» Assignment
Give every entry again, unchanged, and leave its images out.

» Data section
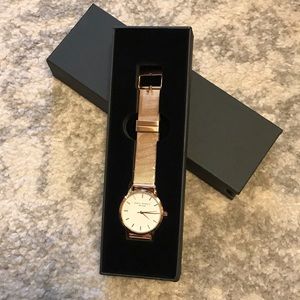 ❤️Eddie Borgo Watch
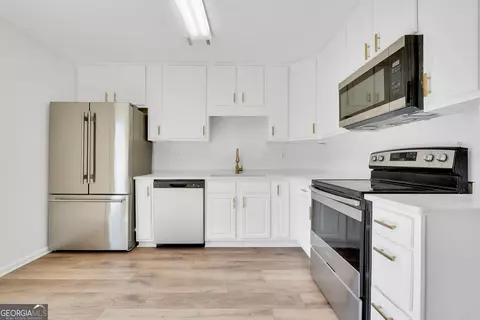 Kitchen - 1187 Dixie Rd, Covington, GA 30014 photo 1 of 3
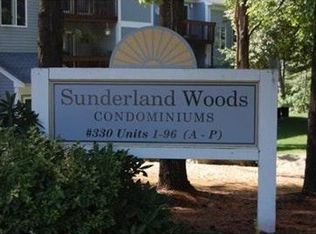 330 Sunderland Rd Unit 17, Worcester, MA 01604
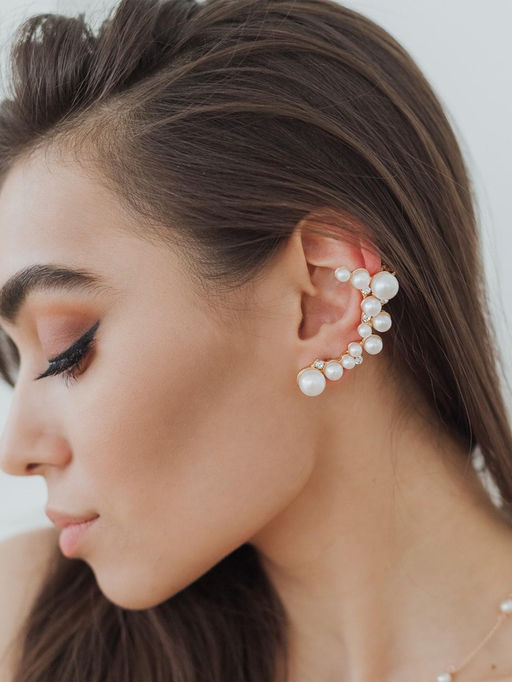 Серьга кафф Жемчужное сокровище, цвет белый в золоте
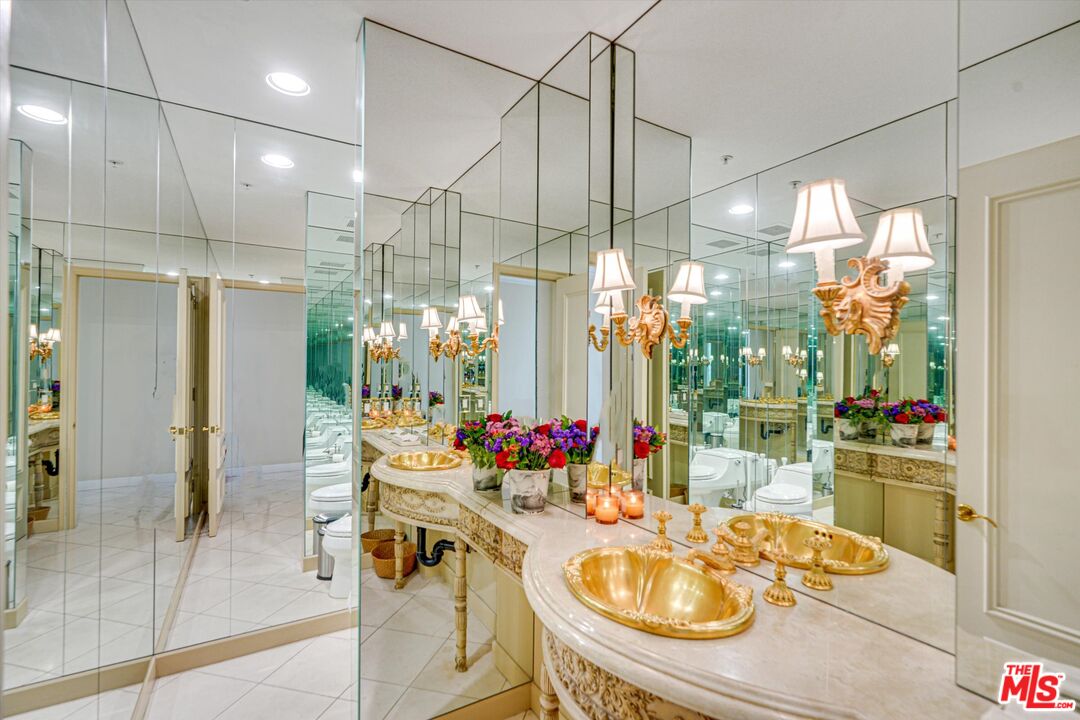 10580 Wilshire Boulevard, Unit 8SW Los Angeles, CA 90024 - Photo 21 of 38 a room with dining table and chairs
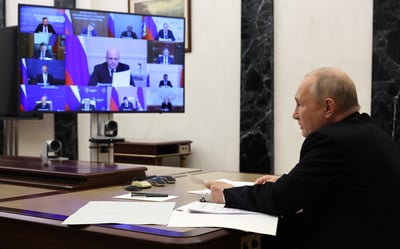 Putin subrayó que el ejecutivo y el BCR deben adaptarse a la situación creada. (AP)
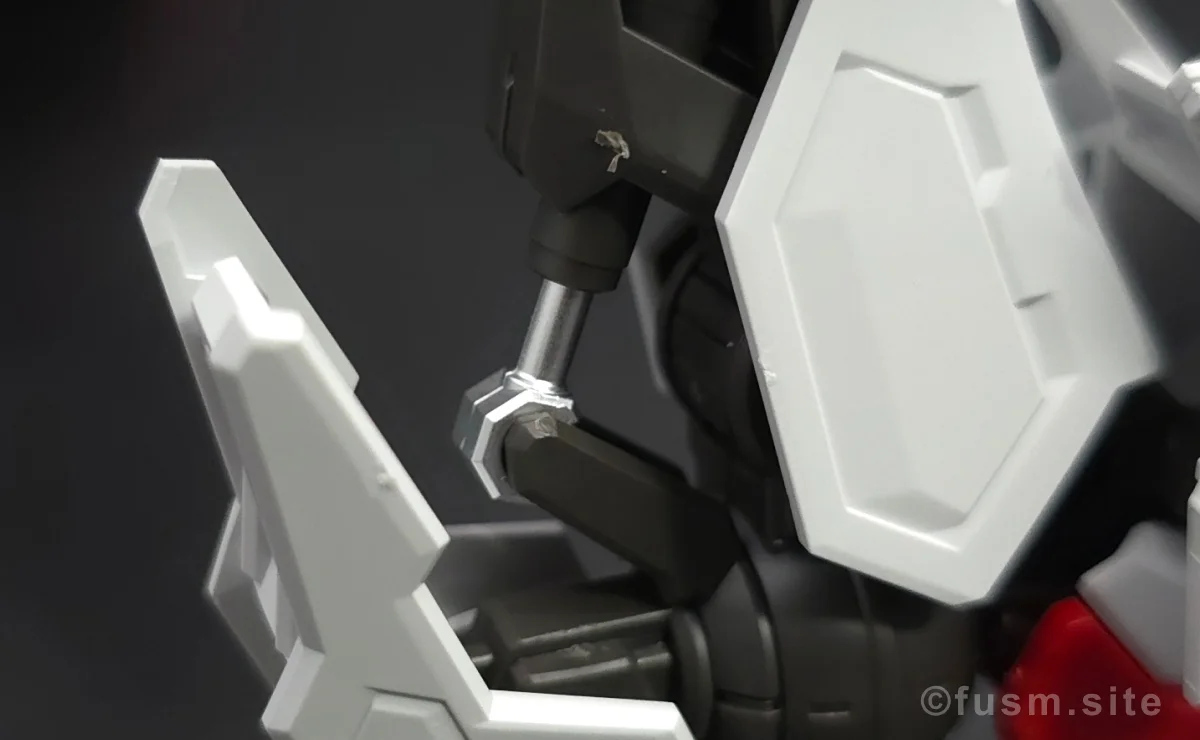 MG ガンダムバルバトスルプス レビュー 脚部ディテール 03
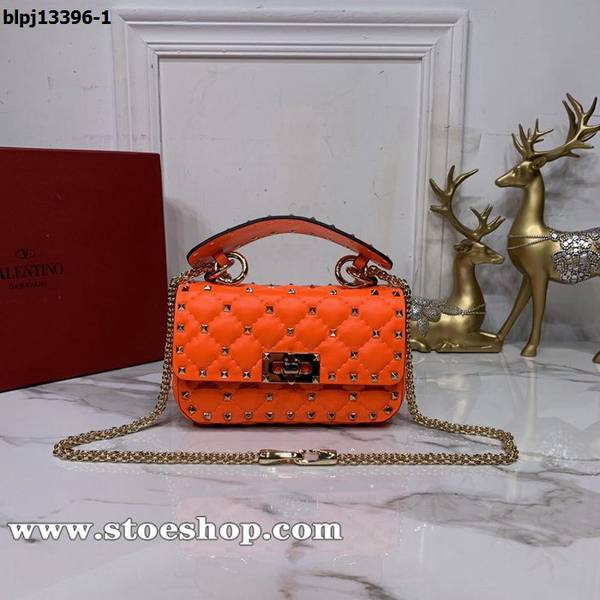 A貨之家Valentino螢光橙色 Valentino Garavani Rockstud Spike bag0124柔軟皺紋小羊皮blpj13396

» The answer
 ❤️Eddie Borgo Watch
 Kitchen - 1187 Dixie Rd, Covington, GA 30014 photo 1 of 3
 330 Sunderland Rd Unit 17, Worcester, MA 01604
 Серьга кафф Жемчужное сокровище, цвет белый в золоте
 10580 Wilshire Boulevard, Unit 8SW Los Angeles, CA 90024 - Photo 21 of 38 a room with dining table and chairs
 Putin subrayó que el ejecutivo y el BCR deben adaptarse a la situación creada. (AP)
 MG ガンダムバルバトスルプス レビュー 脚部ディテール 03
 A貨之家Valentino螢光橙色 Valentino Garavani Rockstud Spike bag0124柔軟皺紋小羊皮blpj13396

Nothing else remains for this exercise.